Ce qu’on retient? Qu’il faut magasiner soigneusement un spécialiste en tatouage restaurateur. On peut demander des références à notre chirurgien avant de commencer nos recherches. De nombreuses personnes se lancent dans le tatouage des aréoles après avoir suivi diverses formations et eu des expériences de travail variées, que ce soit en soins médicaux, en esthétique ou en tatouage. On vérifie donc leurs références, on zieute leur portfolio, on tient compte des commentaires que d’autres clients ont mis en ligne à leur sujet et on pose des questions sur les options possibles. Et, surtout, on s’assure de se sentir en confiance et en sécurité en présence de la personne choisie. «Quand tu viens juste de faire construire ta maison, tu ne veux pas mettre de la peinture «cheapette» sur tes beaux murs neufs ou faire affaire avec n’importe quel peintre. C’est un peu le même principe, dit en riant Majoly Dion. Je crois qu’il faut marquer un temps d’arrêt et se demander avec qui on a envie de bien finir cette longue et périlleuse aventure.» Comme le tatouage doit être fait au minimum six mois après une reconstruction et au minimum un an après une rémission [ndlr: cette estimation est donnée à titre indicatif et diffère d’une patiente à une autre], on profite de cette période pour trouver l’artiste qui nous convient, sans nous presser. Lorsqu’on a quelques noms en tête, on peut demander une consultation auprès de cette personne afin de lui parler de notre histoire médicale et de nos attentes. «Les consultations peuvent même se faire virtuellement maintenant, ce qui est vraiment bien, explique Ingrid Zschogner, propriétaire et artiste de longue date au studio Timeless Tattoo Company, à Whitby, en Ontario. Il ne reste ensuite qu’à déterminer quelles seraient les techniques appropriées selon les particularités des seins de la cliente – et selon sa santé! C’est un savoir-faire qui vient avec l’expérience et la pratique – et de nombreuses années de formation et de mentorat. Ça ne s’improvise pas. Après tout ce que ces femmes ont vécu, nous souhaitons leur offrir l’expérience la plus douce, la plus positive, la plus sécuritaire possible. L’empathie et le respect sont des notions fondamentales dans notre pratique.»
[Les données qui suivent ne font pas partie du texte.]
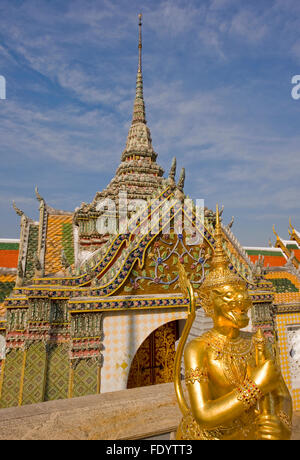 Golden statue at the Temple of the Emerald Buddha. Grand Palace. Bangkok, Thailand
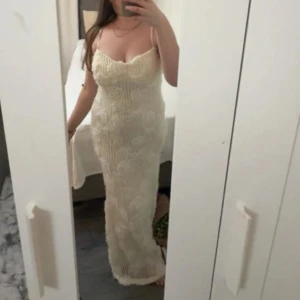 Lång vit spetsklänning med smala band - Säljer en elegant lång klänning i vit spets med smala axelband och v-ringad urringning. Klänningen har en figurnära passform och vackra spetsdetaljer som ger en romantisk känsla. Perfekt för dig som vill ha en stilren och feminin look.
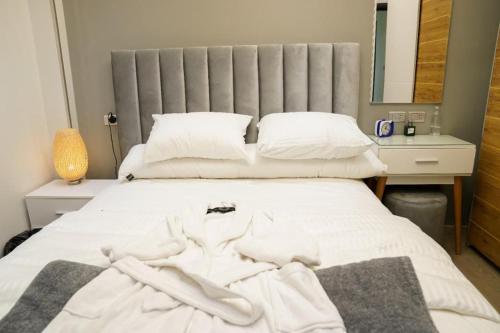 1 dormitorio con 1 cama con sábanas y almohadas blancas en Luxurious apartment for rent, en Kafr al ‘Ilw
Même son de cloche du côté de Carmelina Baccari et Kacie Rainey, deux Albertaines spécialisées en pigmentation médicale restauratrice qui ont joint leurs forces et qui tatouent maintenant des aréoles hyperréalistes côte à côte. «On essaie de créer une ambiance qui ressemble presque à celle d’un spa, comme si les clientes venaient se faire donner un soin du visage, par exemple. C’est souvent un moment rempli d’émotions pour elles. Elles sont vulnérables, dénudées. On met donc tout en œuvre pour qu’elles se sentent bien et détendues. Elles sont souvent surprises de notre vitesse d’exécution», dit Carmelina. Et Kacie ajoute: «Quand on voit le bonheur dans leurs yeux lorsqu’elles se regardent dans le miroir… Ouf! C’est là qu’on se dit qu’on a réellement trouvé notre vocation.»

Lourde charge

Le tatouage restaurateur des mamelons n’est pas encore remboursé par l’assurance maladie au Québec et au Canada. Kacie et Carmelina – qui se surnomment en riant les nipple sisters, ou les «sœurs du mamelon» – se battent pour que ce service soit reconnu comme essentiel, au même titre que la reconstruction mammaire, notamment en tentant d’éduquer les femmes sur cette pratique et en la démocratisant à leur façon. En 2016, ces deux professionnelles ont lancé Procedures for a Positive Purpose, une initiative qui permet à des femmes qui n’en ont pas les moyens d’avoir accès gratuitement à leurs services grâce à des donateurs anonymes, entre autres. Elles parcourent le pays – et même le monde! – pour aider ces survivantes, sans frais, dans la dernière étape de leur rétablissement. «Pour nous, c’était important de rendre cette procédure accessible, dans la mesure de nos moyens, parce que toutes les survivantes méritent une reconstruction complète, jusqu’au point final, si c’est ce qu’elles désirent», affirme Kacie. «Ce tatouage, c’est une victoire, une célébration», ajoute Carmelina, émue.

*Le féminin est utilisé pour alléger le texte. Il est important de noter que les hommes peuvent aussi être atteints du cancer du sein.